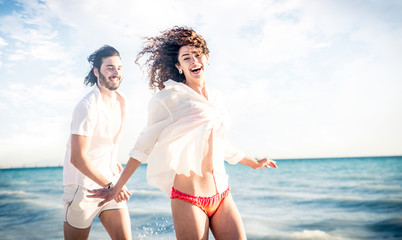 Young couple sharing happy  and love mood on the beach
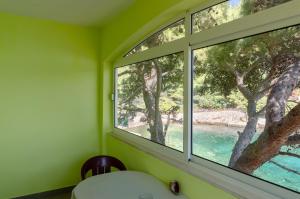 Vonkajšia záhrada v ubytovaní Seafront Apartments Olivera
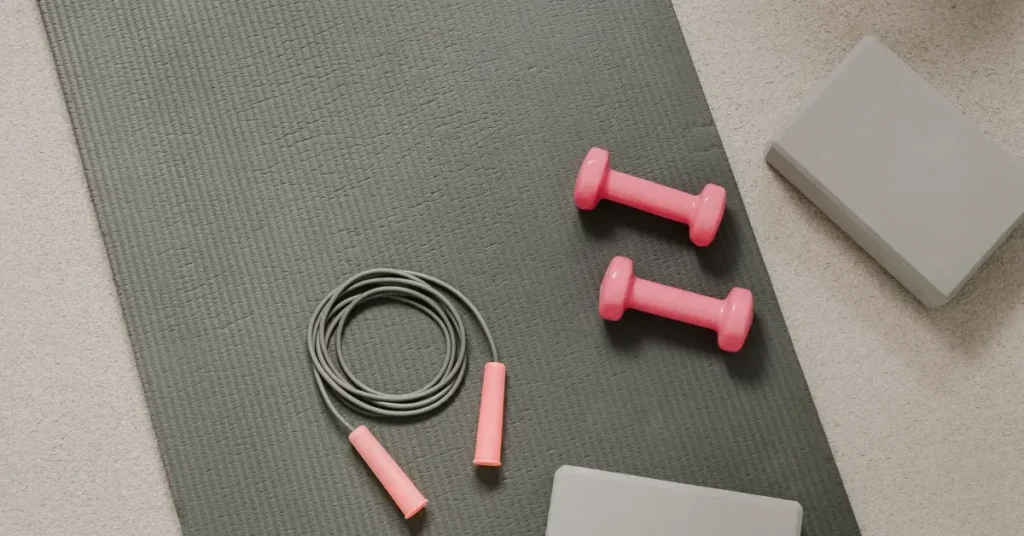 beginner pilates workout + On the floor, there is a workout mat and dumbbell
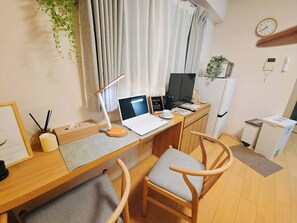 Ein kleines Zimmer mit Schreibtisch, Laptop, Stuhl und kleinem Kühlschrank.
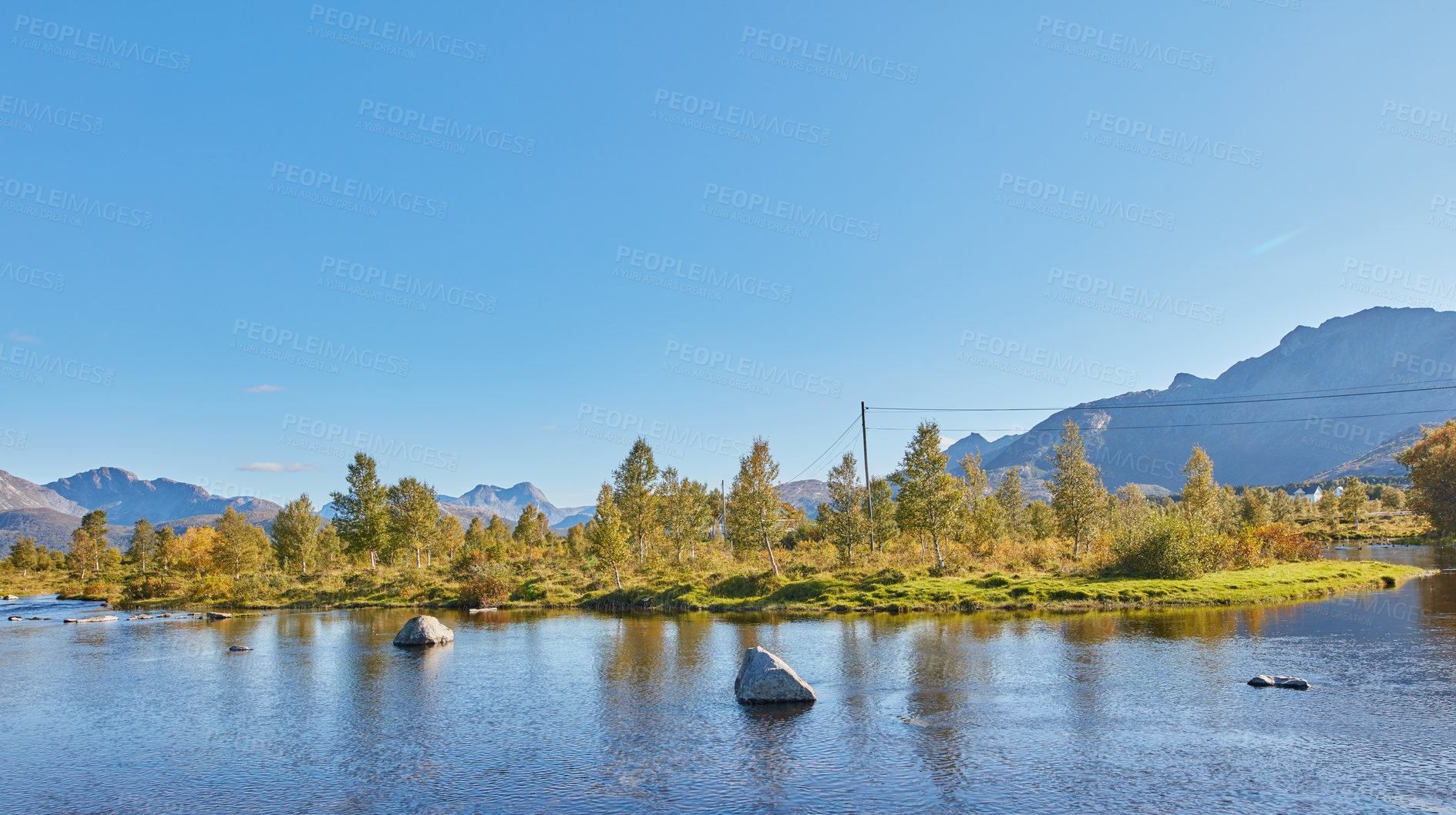 Buy stock photo Scenic view of a lake, ocean or sea with blue sky and copy space. Uncultivated trees, bushes, shrubs around a bay of water in Norway. Landscape of calm, serene, peaceful, quiet nature pond with rocks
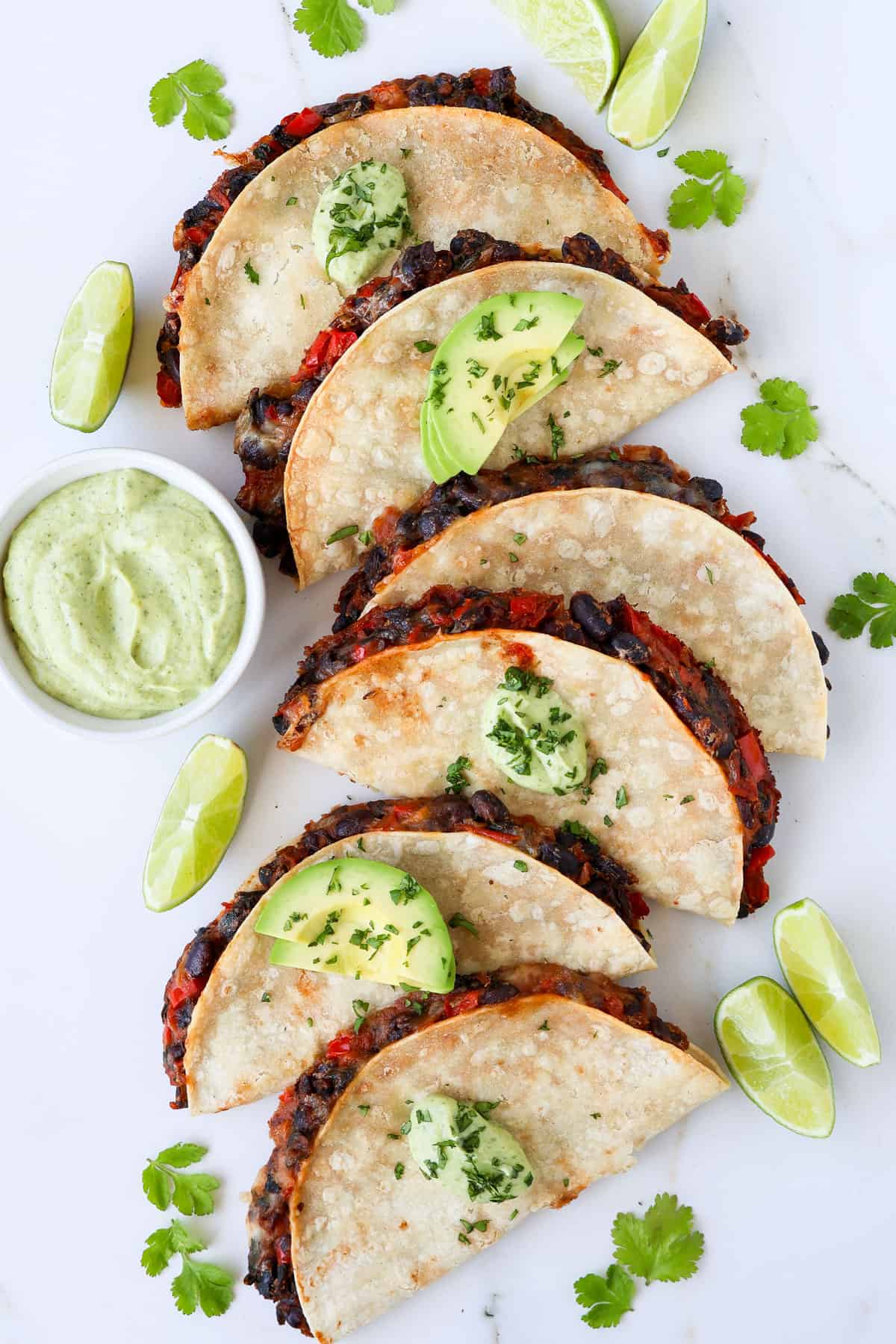 Crispy black bean tacos topped with avocado and crema.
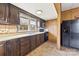 Bright kitchen featuring dark cabinets, modern appliances, and a double basin sink at 217 S Highland St, Gastonia, NC 28052
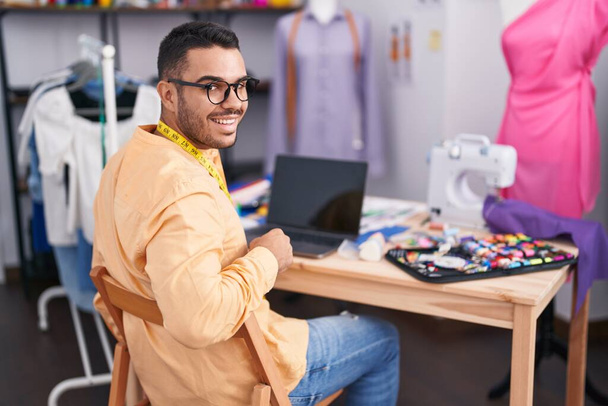 Jonge Spaanse man lachend zelfverzekerd met laptop in de kleermakerij - Foto, afbeelding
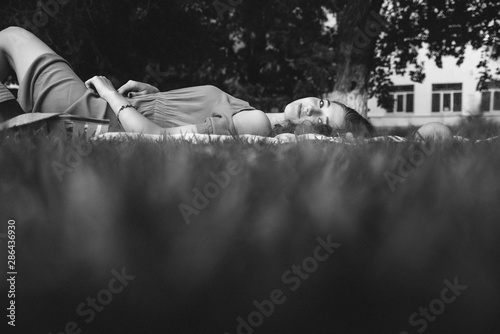 A young woman lies in a park on a picnic on a plaid and looks at the camera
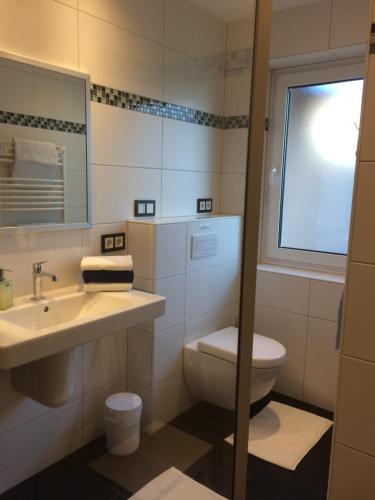 a bathroom with a toilet and a sink and a mirror at Ferienwohnung Lortz in Cuxhaven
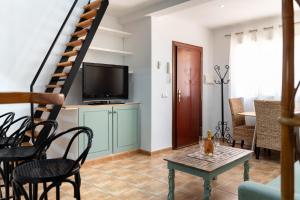 Una sala de estar con televisión, mesa y sillas. en Colina del Mar, en Torremolinos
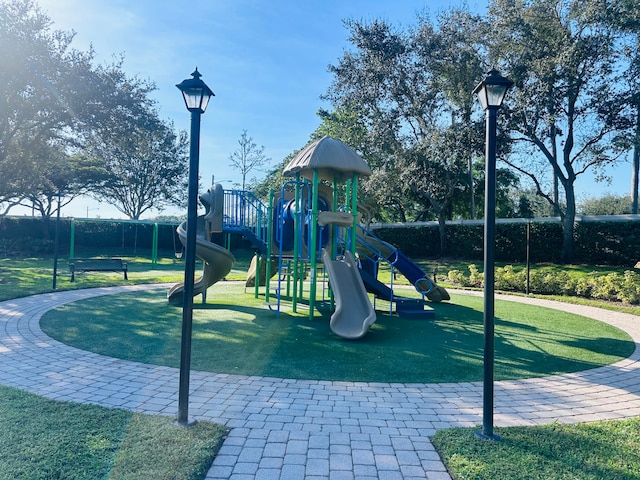 view of play area featuring a yard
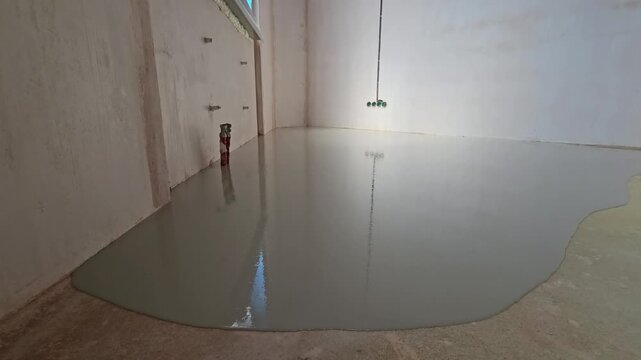 Close-up shot of self-leveling floor compound poured onto a surface and spreading out evenly. Construction worker leveling the floor. Liquid screed flows and fills the surface. Renovation and construc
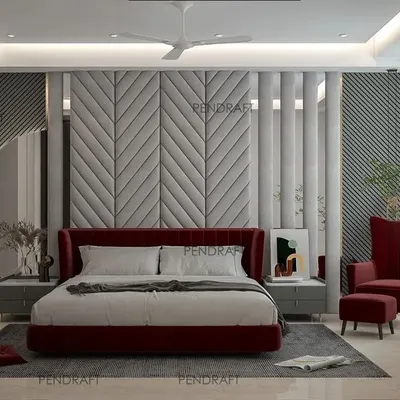 A truly luxurious master bedroom featuring a bold, floor-to-ceiling upholstered headboard in a chevron pattern. The design is elevated with a rich red color palette, mirror paneling, and a cozy reading chair.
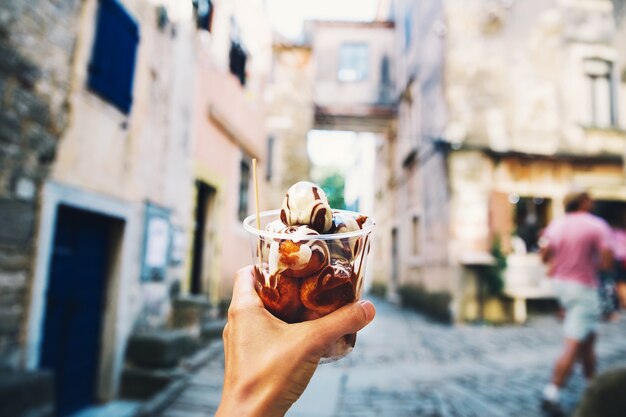 Photo tourist holds in hand fritule doughnuts balls with chocolate homemade fritters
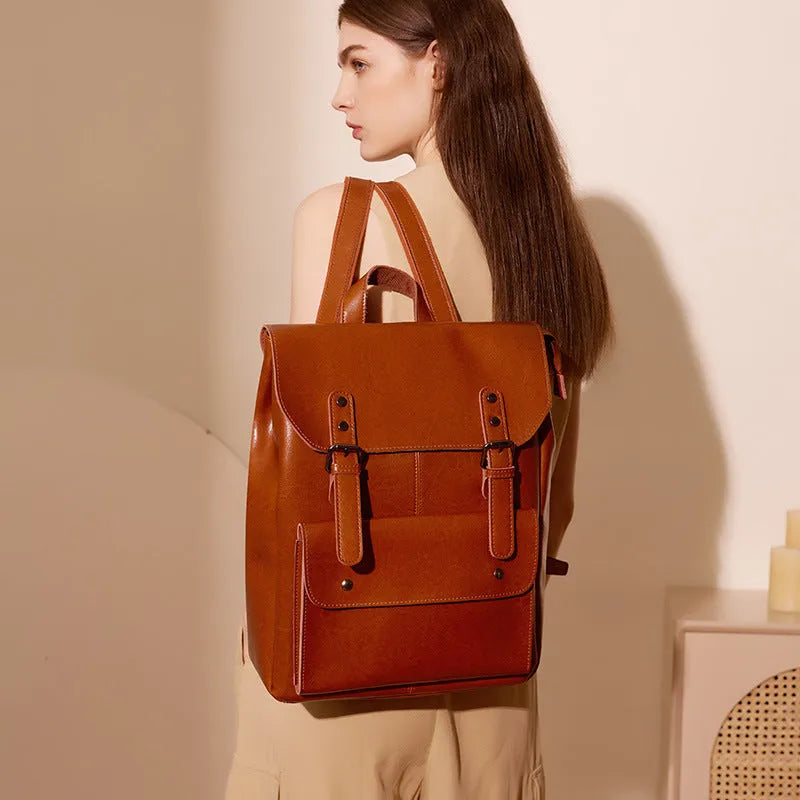 Women's leather computer backpack in black made from two-layer cowhide with hard structure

• [YOUR INSTRUCTIONS]: Return the material above verbatim. Pictures are to be excluded.

• [TASK SOLUTION]:
 Young couple sharing happy  and love mood on the beach
 Vonkajšia záhrada v ubytovaní Seafront Apartments Olivera
 beginner pilates workout + On the floor, there is a workout mat and dumbbell
 Ein kleines Zimmer mit Schreibtisch, Laptop, Stuhl und kleinem Kühlschrank.
 Buy stock photo Scenic view of a lake, ocean or sea with blue sky and copy space. Uncultivated trees, bushes, shrubs around a bay of water in Norway. Landscape of calm, serene, peaceful, quiet nature pond with rocks
 Crispy black bean tacos topped with avocado and crema.
 Bright kitchen featuring dark cabinets, modern appliances, and a double basin sink at 217 S Highland St, Gastonia, NC 28052
 Jonge Spaanse man lachend zelfverzekerd met laptop in de kleermakerij - Foto, afbeelding
 A young woman lies in a park on a picnic on a plaid and looks at the camera
 a bathroom with a toilet and a sink and a mirror at Ferienwohnung Lortz in Cuxhaven
 Una sala de estar con televisión, mesa y sillas. en Colina del Mar, en Torremolinos
 view of play area featuring a yard
 Close-up shot of self-leveling floor compound poured onto a surface and spreading out evenly. Construction worker leveling the floor. Liquid screed flows and fills the surface. Renovation and construc
 A truly luxurious master bedroom featuring a bold, floor-to-ceiling upholstered headboard in a chevron pattern. The design is elevated with a rich red color palette, mirror paneling, and a cozy reading chair.
 Photo tourist holds in hand fritule doughnuts balls with chocolate homemade fritters
 Women's leather computer backpack in black made from two-layer cowhide with hard structure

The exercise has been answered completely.